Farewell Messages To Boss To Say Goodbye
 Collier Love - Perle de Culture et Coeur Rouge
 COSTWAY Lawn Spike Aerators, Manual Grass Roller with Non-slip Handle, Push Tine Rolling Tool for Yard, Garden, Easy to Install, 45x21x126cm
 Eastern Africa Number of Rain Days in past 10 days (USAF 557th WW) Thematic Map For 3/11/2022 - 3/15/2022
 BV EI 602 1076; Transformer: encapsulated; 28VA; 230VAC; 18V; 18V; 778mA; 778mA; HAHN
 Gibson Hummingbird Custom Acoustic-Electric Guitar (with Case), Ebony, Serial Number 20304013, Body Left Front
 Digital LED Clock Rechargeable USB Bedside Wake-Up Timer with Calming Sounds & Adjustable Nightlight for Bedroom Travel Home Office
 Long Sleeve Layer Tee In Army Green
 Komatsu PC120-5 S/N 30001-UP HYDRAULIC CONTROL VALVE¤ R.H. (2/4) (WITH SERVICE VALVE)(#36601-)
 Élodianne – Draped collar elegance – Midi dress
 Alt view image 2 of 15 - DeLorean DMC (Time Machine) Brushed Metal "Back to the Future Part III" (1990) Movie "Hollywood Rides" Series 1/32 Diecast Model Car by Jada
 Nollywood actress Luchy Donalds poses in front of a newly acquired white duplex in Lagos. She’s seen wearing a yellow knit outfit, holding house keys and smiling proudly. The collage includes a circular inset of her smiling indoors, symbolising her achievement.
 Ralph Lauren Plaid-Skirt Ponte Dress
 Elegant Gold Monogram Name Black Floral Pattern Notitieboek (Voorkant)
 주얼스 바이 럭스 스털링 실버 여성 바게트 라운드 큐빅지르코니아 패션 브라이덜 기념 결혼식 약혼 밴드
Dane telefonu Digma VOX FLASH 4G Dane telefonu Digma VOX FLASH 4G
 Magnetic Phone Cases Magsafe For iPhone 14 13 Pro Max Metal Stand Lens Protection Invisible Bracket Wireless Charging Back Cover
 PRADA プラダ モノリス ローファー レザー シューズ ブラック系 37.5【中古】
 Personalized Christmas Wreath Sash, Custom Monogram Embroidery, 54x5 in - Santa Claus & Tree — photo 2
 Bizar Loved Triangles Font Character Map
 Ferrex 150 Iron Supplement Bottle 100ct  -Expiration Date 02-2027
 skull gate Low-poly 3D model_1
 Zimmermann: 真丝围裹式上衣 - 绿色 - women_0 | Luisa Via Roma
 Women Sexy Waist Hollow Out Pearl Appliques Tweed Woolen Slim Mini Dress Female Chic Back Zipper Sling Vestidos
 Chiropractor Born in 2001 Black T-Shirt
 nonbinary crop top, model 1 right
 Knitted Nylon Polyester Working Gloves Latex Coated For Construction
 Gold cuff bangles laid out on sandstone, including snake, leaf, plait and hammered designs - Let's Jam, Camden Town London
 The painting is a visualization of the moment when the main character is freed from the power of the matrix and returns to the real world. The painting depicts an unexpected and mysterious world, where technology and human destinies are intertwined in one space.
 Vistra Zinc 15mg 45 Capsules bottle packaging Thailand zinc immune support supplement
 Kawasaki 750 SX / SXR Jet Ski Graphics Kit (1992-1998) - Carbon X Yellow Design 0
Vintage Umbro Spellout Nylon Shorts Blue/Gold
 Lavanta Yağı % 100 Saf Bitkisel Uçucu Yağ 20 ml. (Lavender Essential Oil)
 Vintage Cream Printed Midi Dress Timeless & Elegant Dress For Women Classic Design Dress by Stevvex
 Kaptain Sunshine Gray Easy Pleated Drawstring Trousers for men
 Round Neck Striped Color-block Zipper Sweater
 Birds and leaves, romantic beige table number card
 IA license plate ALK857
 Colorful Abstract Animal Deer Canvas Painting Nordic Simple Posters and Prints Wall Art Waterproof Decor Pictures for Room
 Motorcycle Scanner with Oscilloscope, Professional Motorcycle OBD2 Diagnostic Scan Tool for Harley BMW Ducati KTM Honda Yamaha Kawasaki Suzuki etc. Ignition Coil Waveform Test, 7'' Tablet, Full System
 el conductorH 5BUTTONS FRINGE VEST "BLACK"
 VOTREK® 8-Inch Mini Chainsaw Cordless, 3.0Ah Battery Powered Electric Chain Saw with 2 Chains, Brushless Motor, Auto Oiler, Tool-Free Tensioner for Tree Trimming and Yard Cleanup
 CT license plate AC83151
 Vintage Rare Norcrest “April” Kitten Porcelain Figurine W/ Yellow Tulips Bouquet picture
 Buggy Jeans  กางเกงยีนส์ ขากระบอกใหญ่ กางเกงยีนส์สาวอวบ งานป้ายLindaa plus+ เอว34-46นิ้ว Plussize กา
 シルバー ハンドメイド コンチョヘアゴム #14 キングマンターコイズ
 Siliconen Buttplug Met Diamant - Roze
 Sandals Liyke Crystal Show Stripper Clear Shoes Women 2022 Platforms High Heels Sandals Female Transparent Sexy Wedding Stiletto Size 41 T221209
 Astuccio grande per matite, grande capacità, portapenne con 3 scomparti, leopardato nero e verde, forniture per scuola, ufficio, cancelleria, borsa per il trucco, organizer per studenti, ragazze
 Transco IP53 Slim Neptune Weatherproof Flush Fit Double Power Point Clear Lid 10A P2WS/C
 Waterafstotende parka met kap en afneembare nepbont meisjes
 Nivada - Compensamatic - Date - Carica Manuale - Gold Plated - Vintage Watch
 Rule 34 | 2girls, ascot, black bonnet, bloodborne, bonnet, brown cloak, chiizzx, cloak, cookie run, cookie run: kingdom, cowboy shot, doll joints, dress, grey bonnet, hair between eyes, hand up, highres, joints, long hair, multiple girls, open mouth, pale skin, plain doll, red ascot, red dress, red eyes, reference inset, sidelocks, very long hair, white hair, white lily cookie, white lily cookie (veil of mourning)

———

• [Work required]: Filter the data down to the lines that contain the string "Mini", and copy them.

• [Final answer]:
 Women Sexy Waist Hollow Out Pearl Appliques Tweed Woolen Slim Mini Dress Female Chic Back Zipper Sling Vestidos
 VOTREK® 8-Inch Mini Chainsaw Cordless, 3.0Ah Battery Powered Electric Chain Saw with 2 Chains, Brushless Motor, Auto Oiler, Tool-Free Tensioner for Tree Trimming and Yard Cleanup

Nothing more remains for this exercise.